The Alternative Mining Indaba, or People’s Indaba, was organised by a number of South African groups in response to the annual “Investing in African Mining Indaba” to bring community perspectives to the forefront in mining policy discussions, and to bring communities, civil society organisations, academics, and activists together to develop and proclaim a clear agenda to support mineworkers and mining communities but also to prevent and rehabilitate the environment and the health of people and communities affected by mining.

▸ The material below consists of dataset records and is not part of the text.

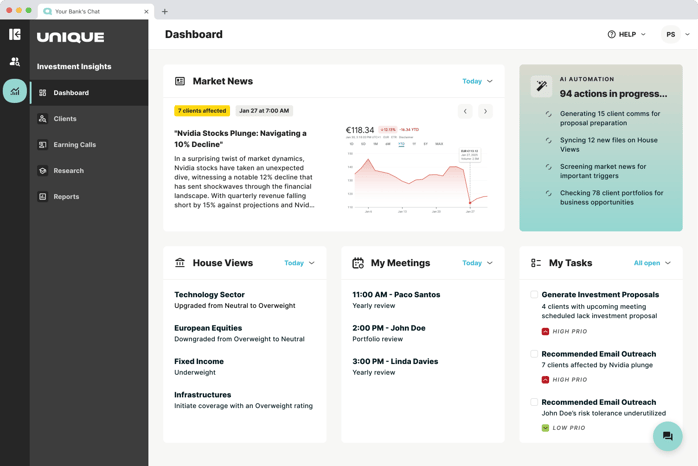 Investment Insights Agent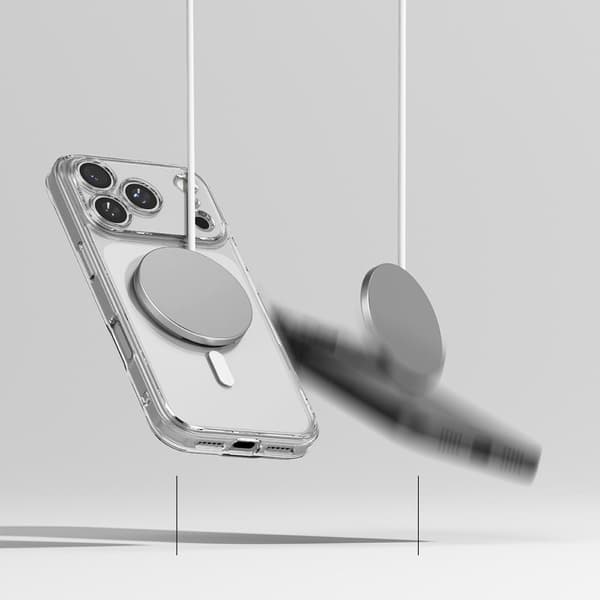 Ringke iPhone 17 Pro Max Cover MagSafe Fusion Transparent 80
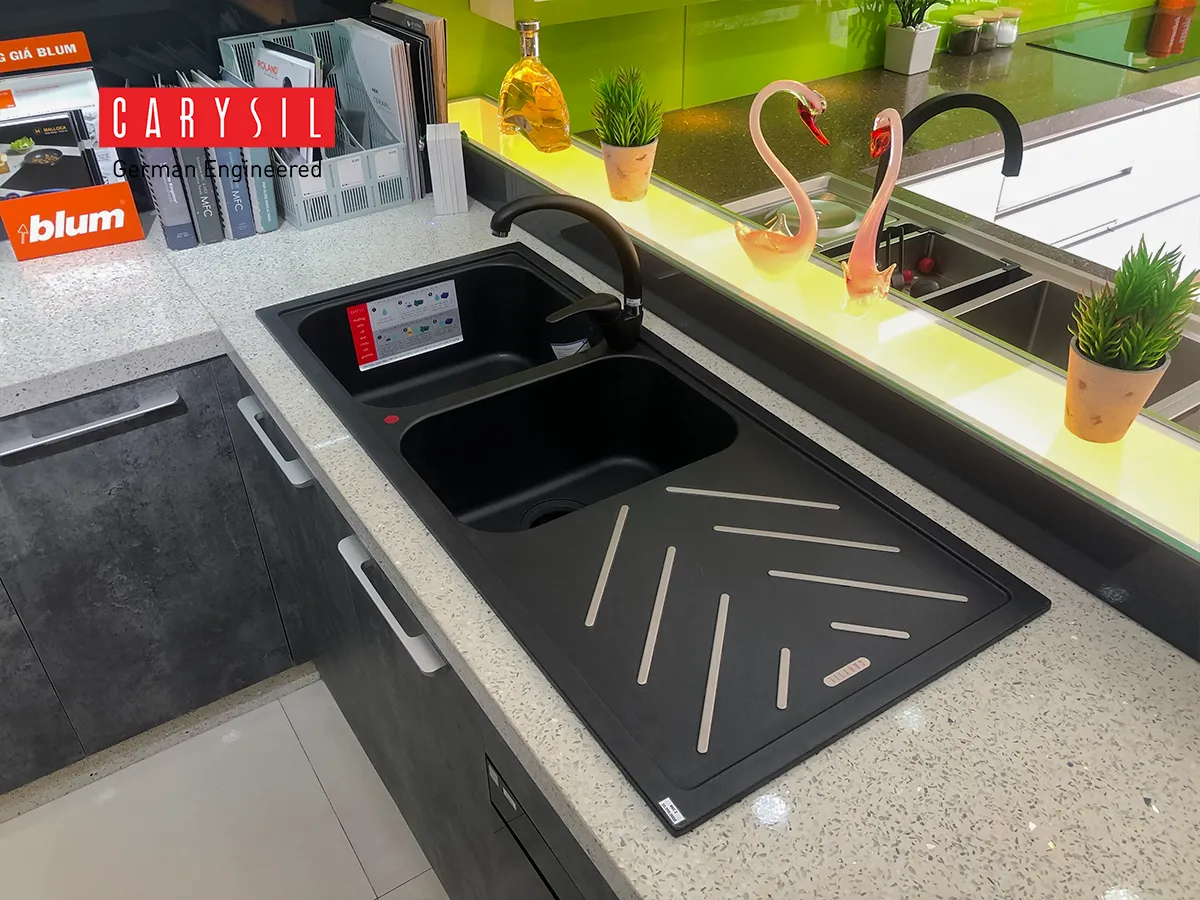 Cần lưu ý gì để lựa chọn chậu rửa bát 2 hố chất lượng?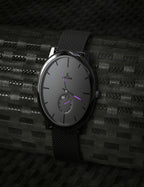 Skylona Minimalist Mesh Watch (Purple)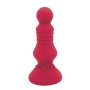 Vibrador anal Secret Kisses Rojo de Secret Kisses, Vibradores anales - Ref: S9400233, Precio: 57,99 €, Descuento: %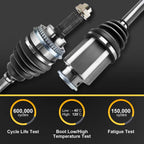 Front Left CV Axle Assembly for Kia Sportage (1995-2001) 4WD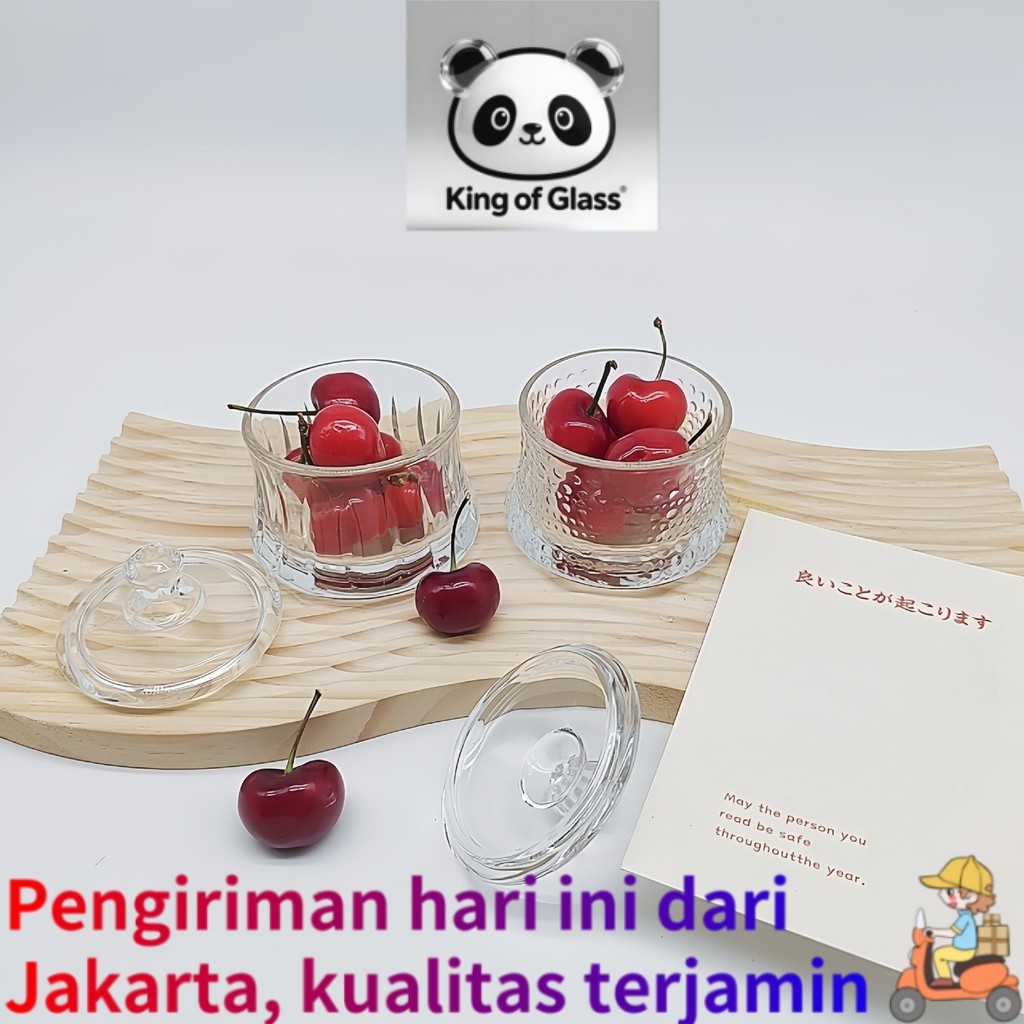 Toples Kristal Mewah /medium candy jar crystal  / Toples Penyimpanan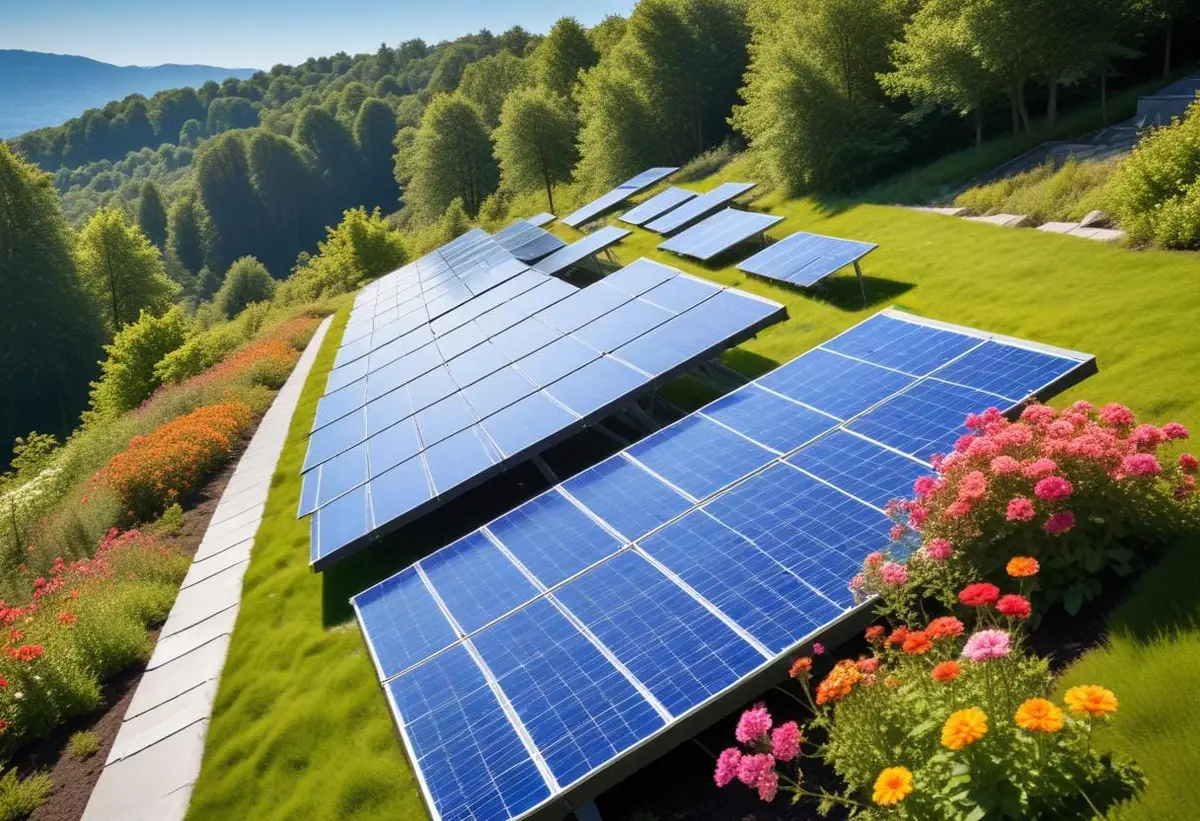 Så funkar solceller i Uppsala – enkelt och smart! illustration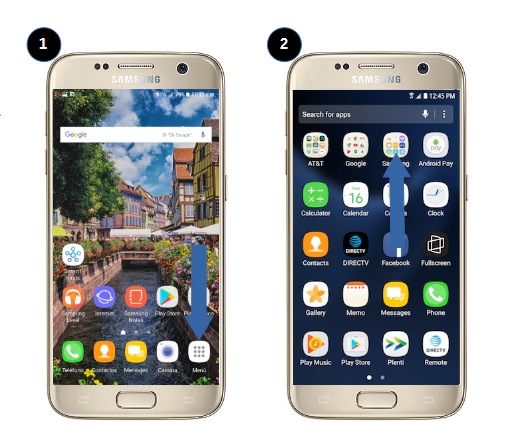 Cómo seleccionar la fuente del contador de pasos en Samsung Health? |  Samsung CO
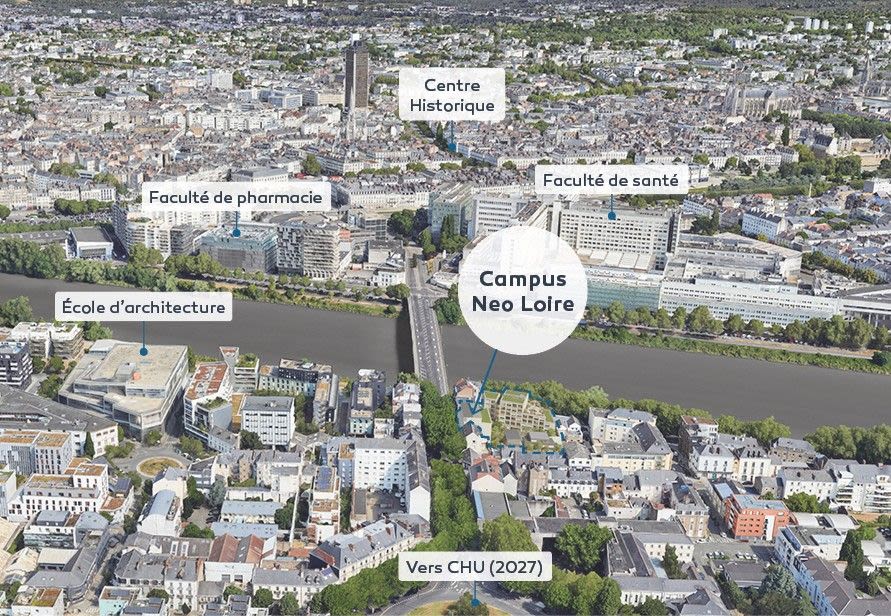 CAMPUS NEO LOIRE - Nue-Propriété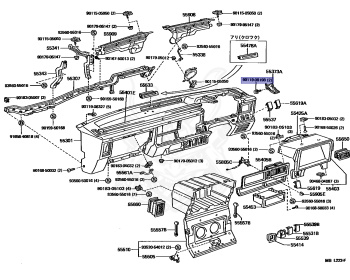Toyota - LiteAce - CM65 - 1986 - DX TYPE - SINGLE JUST  LOW - Manual - 2C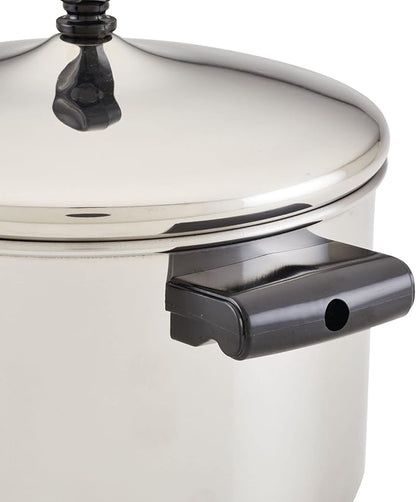 Farberware Classic Stainless Steel 4-Quart Covered Saucepot - - Silver (Pack of 4) - Image 10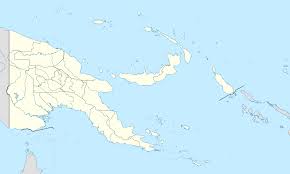 Papua New Guinea Map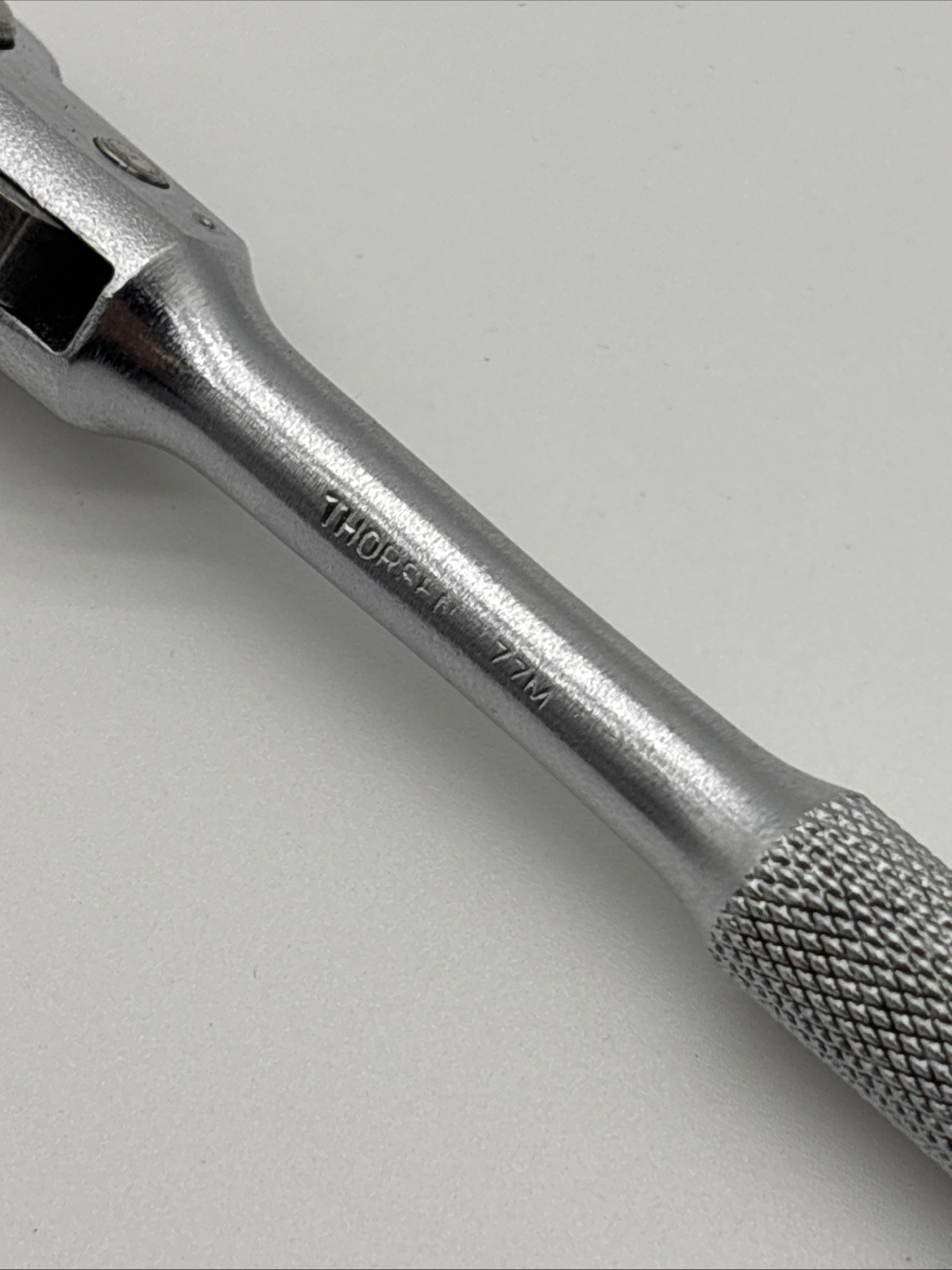 Nice THORSEN Tools USA 77M 1/4″ Drive Chrome RATCHET Wrench Vintage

The People’s Indaba heard from analysts and organisers from as far away as Ghana and Tanzania, but the most devastating testimony was from the survivors of the Marikana massacre, who talked about the terrible conditions that led to the initial strike, and the failure of the mining companies and the authorities to fulfil their promises to improve things. The strikers were not even receiving the increased pay that Lonmin had agreed to. Participants joined Bishop Jo Seoka, Chairperson of the Bench Marks Foundation, in marching to the official Indaba site as Seoka tried to present the South African mines minister with the People’s Indaba’s demands.
All in all, the People’s Indaba got a lot of visibility in the South African media and even internationally, but it also moved participants one step closer to coordinated work to make mining companies and governments alike accountable for their actions. The Alternative Indaba idea has been picked up by groups across southern and eastern Africa, with smaller gatherings being held from Zimbabwe to Tanzania.
The trip itself was an important opportunity to build links with other organisations as well as following some of the growing Canadian interests in the region. We visited Mosesetjane, in Limpopo Province, where infamous mining promoter Robert Friedland’s Ivanplats had its drill rigs kicked out by residents who are refusing to be relocated to make way for the mine, and made excellent contacts with people dealing with Canadian mining interests – and problems – from several countries. We will be reporting on these cases as they progress.